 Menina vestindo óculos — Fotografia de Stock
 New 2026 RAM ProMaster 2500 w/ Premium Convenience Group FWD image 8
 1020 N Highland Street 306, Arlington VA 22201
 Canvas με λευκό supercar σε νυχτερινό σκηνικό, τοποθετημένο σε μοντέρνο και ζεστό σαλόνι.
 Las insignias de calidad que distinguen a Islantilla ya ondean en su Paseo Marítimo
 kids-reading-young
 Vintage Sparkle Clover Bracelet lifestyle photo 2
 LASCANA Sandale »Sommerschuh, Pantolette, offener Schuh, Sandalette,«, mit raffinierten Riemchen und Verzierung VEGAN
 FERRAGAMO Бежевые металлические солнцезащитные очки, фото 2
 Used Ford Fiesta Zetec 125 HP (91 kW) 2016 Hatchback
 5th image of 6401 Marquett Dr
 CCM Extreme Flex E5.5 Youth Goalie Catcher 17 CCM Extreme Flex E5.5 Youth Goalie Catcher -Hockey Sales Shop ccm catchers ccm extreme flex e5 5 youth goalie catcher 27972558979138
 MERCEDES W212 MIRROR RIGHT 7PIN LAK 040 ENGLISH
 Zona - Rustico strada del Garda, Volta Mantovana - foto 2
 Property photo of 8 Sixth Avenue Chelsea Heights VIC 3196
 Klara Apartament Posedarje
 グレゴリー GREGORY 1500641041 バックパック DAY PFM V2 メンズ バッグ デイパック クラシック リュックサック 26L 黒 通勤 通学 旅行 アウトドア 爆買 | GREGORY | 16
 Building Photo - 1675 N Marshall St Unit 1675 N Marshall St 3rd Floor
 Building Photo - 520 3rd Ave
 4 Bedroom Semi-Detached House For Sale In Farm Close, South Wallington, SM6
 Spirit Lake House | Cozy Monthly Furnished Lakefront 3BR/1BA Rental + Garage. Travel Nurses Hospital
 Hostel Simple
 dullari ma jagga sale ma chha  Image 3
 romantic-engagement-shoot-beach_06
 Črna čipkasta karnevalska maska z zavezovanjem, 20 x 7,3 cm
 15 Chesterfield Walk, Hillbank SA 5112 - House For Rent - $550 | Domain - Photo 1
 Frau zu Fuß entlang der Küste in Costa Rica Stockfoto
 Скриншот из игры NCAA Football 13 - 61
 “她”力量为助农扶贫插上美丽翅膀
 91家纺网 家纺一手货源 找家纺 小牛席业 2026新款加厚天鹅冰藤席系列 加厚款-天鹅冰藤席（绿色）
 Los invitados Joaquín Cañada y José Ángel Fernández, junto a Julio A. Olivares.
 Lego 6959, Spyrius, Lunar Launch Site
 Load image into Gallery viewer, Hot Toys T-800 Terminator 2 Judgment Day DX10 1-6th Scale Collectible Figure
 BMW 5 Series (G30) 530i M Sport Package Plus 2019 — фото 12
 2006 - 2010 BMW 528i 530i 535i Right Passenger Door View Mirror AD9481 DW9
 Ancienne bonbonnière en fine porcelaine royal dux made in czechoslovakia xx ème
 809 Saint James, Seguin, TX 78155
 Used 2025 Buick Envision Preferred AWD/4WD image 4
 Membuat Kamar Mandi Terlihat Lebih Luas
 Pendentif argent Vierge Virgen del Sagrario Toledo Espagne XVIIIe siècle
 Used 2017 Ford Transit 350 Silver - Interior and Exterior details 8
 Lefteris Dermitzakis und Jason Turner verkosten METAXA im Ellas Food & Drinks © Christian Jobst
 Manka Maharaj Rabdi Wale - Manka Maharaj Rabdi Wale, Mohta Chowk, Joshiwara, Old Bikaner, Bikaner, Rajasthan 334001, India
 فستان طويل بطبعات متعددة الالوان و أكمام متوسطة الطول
______________________________
(Exercise prompt) Extract, from the listing above, every line where the string "House" occurs.

(Your response)
 4 Bedroom Semi-Detached House For Sale In Farm Close, South Wallington, SM6
 Spirit Lake House | Cozy Monthly Furnished Lakefront 3BR/1BA Rental + Garage. Travel Nurses Hospital
 15 Chesterfield Walk, Hillbank SA 5112 - House For Rent - $550 | Domain - Photo 1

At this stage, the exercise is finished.